- Opening Delimiter -

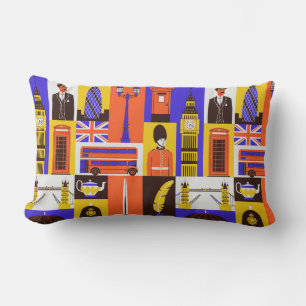 Rectangle Coussin Lumbar à thème Londres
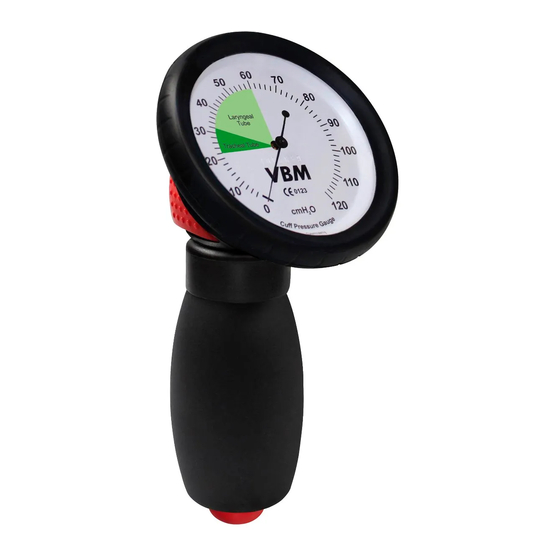 VBM Medizintechnik Cuff Pressure Gauge UNIVERSAL Mode D'emploi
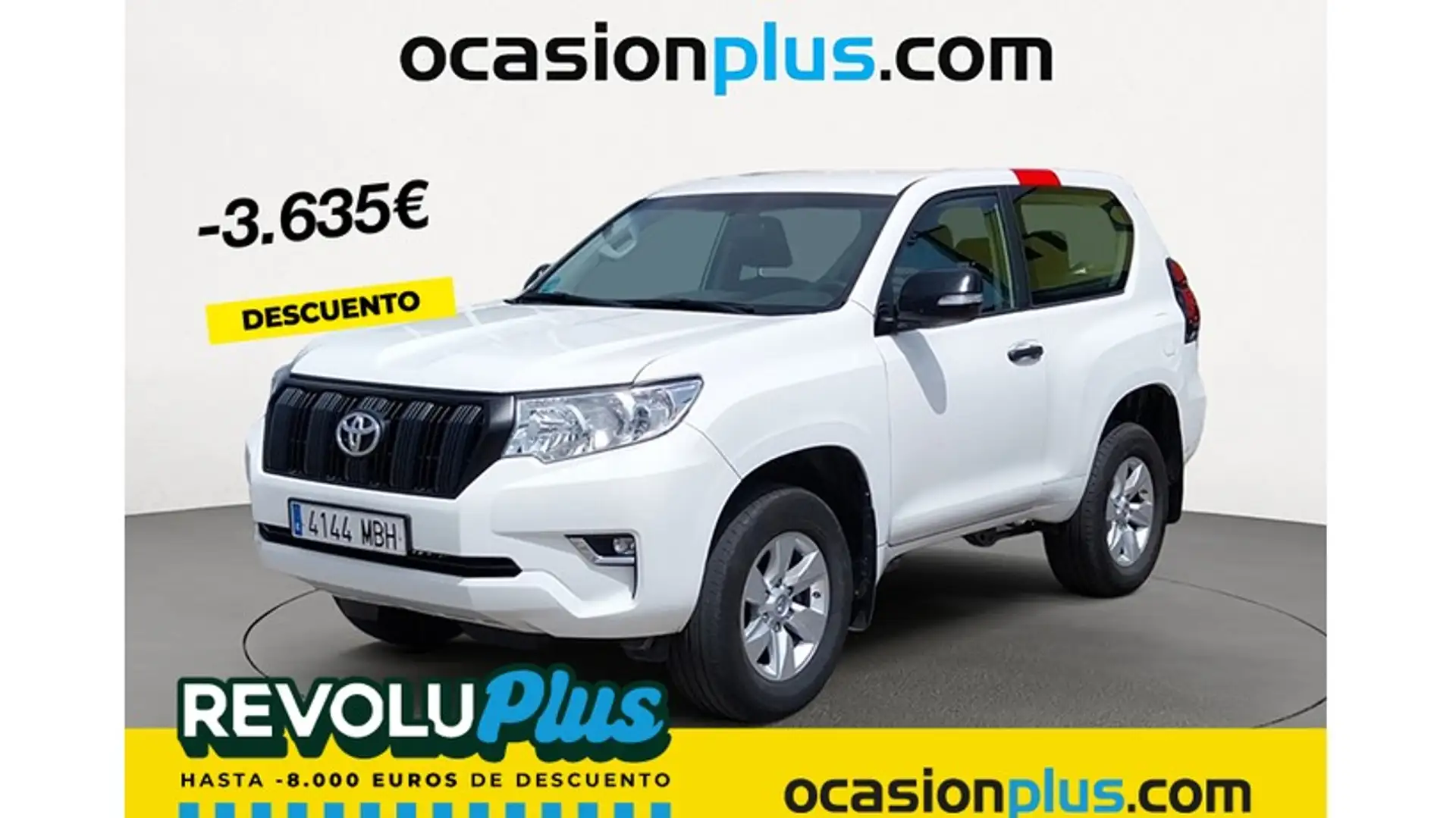 Toyota Land Cruiser D-4D GX Blanc - 1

- Closing Delimiter -

Assigned task
An exact copy of every line above, minus the pictures, is the required output.

Answer box
 Rectangle Coussin Lumbar à thème Londres
 VBM Medizintechnik Cuff Pressure Gauge UNIVERSAL Mode D'emploi
 Toyota Land Cruiser D-4D GX Blanc - 1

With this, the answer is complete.